Now, we verify that the data is still retained:
cqlsh:mykeyspace> select * from usertable where userprofession = 'IT Consultant';
NoHostAvailable:
Oh, yes, that is clear: we have used node1’s IP address and port, when we have started the client.
Let us now connect to node2 by entering „exit"
and starting a new client container like follows:
(dockerhost)$ sudo docker run -it --rm -e CQLSH_HOST=$(docker inspect --format='{{ .NetworkSettings.IPAddress }}' cassandra-node2) -e CQLSH_PORT=9042 --name cassandra-client --entrypoint=cqlsh cassandra Connected to Test Cluster at 172.17.0.4:9042. [cqlsh 5.0.1 | Cassandra 3.9 | CQL spec 3.4.2 | Native protocol v4] Use HELP for help. cqlsh>
To be honest, I was a little bit confused here and would have expected that I need to connect to port 29042 instead, since I have started node2 with a port mapping from 29042 (outside port) to 9042 (container port). But this is wrong: from the Docker host, we can directly access the node2 container IP address with all its ports, including port 9042. Only, if we want to access container from outside the Docker host, we need to access port 29042 of the Docker host IP address instead of port 9042 of the node2 container:
(dockerhost)$ netstat -an | grep 9042
tcp6 0 0 :::29042 :::* LISTEN
Now let us check on the second node that the data is retained:
Anyway, we are connected to the second node now and can check the data:
cqlsh> use mykeyspace; cqlsh:mykeyspace> select * from usertable where userid = 1;
userid | userfamilyname | usergivenname | userprofession --------+----------------+---------------+---------------- 1 | Veits | Oliver | IT Consultant
(1 rows)
Perfect! The data is still there.
Appendix A: No keyspace has been specified.

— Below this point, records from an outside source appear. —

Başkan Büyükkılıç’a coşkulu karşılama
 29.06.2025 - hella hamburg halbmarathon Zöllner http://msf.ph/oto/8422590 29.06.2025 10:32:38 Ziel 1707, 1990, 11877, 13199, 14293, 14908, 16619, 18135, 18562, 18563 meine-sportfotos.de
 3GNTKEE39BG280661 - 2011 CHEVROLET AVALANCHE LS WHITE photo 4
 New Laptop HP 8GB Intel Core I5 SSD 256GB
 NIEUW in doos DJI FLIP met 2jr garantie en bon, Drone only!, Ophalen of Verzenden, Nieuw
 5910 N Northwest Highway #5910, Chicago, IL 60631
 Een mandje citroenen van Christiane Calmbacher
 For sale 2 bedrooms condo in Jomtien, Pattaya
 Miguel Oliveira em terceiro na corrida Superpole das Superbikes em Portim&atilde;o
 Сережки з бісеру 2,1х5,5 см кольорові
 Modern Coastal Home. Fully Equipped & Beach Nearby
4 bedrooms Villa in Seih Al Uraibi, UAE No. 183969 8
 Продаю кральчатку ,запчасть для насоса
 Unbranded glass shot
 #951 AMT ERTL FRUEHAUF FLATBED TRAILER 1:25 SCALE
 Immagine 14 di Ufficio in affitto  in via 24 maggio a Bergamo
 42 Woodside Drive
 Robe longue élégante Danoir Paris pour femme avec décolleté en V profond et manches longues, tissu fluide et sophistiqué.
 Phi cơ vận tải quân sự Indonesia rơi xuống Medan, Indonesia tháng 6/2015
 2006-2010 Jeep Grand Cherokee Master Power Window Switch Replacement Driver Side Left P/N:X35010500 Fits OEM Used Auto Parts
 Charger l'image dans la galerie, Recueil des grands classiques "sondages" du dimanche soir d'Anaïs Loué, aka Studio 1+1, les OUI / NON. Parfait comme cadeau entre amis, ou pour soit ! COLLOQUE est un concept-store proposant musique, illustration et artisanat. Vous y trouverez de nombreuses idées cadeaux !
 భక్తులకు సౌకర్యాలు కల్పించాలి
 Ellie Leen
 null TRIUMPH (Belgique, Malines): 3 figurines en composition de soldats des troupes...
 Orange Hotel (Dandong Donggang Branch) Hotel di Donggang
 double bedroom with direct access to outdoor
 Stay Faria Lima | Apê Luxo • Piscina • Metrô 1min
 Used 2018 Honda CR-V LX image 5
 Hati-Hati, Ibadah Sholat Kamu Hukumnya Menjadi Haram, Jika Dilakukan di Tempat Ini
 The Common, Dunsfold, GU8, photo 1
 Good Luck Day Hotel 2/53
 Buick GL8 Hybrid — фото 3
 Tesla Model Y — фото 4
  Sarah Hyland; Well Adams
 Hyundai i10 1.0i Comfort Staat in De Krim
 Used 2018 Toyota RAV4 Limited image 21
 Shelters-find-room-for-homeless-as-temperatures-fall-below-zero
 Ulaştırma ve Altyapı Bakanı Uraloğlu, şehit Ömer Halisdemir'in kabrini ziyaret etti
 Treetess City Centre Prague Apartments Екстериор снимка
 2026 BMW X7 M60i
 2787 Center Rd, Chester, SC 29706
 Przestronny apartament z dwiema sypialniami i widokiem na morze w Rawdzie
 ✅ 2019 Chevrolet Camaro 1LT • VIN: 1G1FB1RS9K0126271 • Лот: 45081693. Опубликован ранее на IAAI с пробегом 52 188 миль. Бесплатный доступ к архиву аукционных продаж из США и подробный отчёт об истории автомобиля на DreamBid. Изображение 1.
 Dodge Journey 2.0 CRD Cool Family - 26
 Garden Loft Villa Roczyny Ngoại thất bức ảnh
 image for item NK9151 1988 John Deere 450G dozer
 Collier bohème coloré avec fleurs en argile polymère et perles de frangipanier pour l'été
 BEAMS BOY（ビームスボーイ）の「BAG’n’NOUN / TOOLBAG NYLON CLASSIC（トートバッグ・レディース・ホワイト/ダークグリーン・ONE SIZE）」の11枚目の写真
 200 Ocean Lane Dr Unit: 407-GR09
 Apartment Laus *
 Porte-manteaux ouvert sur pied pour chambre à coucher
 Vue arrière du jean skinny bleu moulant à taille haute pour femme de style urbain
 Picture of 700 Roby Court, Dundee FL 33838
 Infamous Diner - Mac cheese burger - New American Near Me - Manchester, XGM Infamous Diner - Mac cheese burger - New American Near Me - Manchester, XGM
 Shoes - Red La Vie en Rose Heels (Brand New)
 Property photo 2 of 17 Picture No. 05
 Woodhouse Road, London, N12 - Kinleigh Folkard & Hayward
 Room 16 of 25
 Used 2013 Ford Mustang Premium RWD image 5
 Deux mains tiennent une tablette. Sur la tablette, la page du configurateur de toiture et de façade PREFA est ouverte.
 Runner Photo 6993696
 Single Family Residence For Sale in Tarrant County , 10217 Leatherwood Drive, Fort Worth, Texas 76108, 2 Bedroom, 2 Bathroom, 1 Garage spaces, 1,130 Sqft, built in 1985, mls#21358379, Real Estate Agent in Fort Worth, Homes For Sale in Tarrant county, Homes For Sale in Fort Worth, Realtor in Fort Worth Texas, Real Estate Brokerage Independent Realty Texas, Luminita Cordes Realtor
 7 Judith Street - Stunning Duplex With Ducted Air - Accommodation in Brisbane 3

If you get an error message like follows,
cqlsh> select * from usertable where userprofession = 'IT Consultant';
InvalidRequest: Error from server: code=2200 [Invalid query] message="No keyspace has been specified. USE a keyspace, or explicitly specify keyspace.tablename"
Then you have forgotten to prepend the „use mykeyspace; command:
cqlsh> use mykeyspace; cqlsh:mykeyspace> select * from usertable where userid = 1;
userid | userfamilyname | usergivenname | userprofession --------+----------------+---------------+---------------- 1 | Veits | Oliver | IT Consultant
(1 rows)
Summary
In this blog post we have performed the following tasks:
- Introduced Cassandra with a little comparison with Hadoop
- We have started a Cassandra node in a Docker container
- Spun up a second Cassandra node and build a Cassandra cluster
- Started a Cassandra Client in a container
- Added Data with replication factor 2 and performed some CQL commands for a warm-up
- shut down node 2 and verified that the data is still available
- started node 2 again and wait some seconds
- shut down node1 and verified that the data is still available on node2
With this test, we could verify that the data replication between nodes in a Cassandra cluster works and no data is lost if a node fails.